_RECORDS SUPPLIED:_

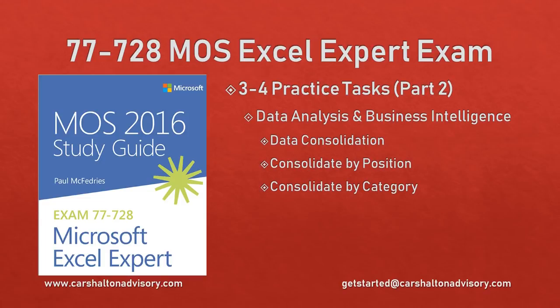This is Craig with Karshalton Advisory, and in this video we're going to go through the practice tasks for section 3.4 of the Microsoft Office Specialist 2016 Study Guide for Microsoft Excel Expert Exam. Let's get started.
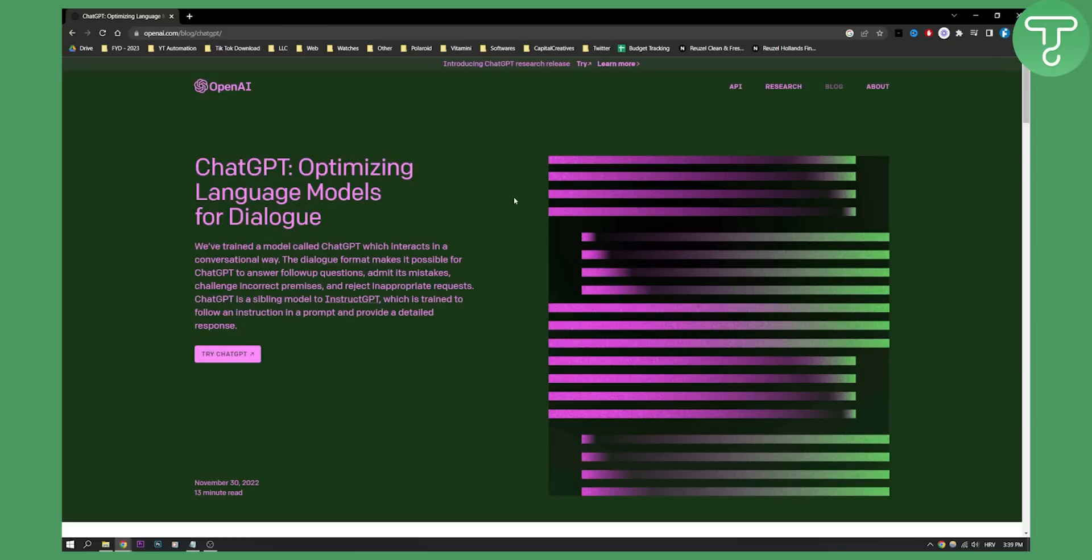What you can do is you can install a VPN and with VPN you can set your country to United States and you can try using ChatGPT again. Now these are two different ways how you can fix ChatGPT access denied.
==
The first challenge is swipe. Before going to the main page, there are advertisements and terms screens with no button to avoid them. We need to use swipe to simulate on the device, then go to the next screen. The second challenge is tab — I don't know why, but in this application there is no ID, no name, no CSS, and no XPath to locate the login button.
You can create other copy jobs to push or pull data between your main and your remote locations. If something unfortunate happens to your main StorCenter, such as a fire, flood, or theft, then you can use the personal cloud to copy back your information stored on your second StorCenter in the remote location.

_REQUIREMENT:_ The lines above from the line with "This is Craig" through the line with "What you can" are to be given again word for word, with no pictures among them.

_ANSWER FOR THIS EXERCISE:_
This is Craig with Karshalton Advisory, and in this video we're going to go through the practice tasks for section 3.4 of the Microsoft Office Specialist 2016 Study Guide for Microsoft Excel Expert Exam. Let's get started.
What you can do is you can install a VPN and with VPN you can set your country to United States and you can try using ChatGPT again. Now these are two different ways how you can fix ChatGPT access denied.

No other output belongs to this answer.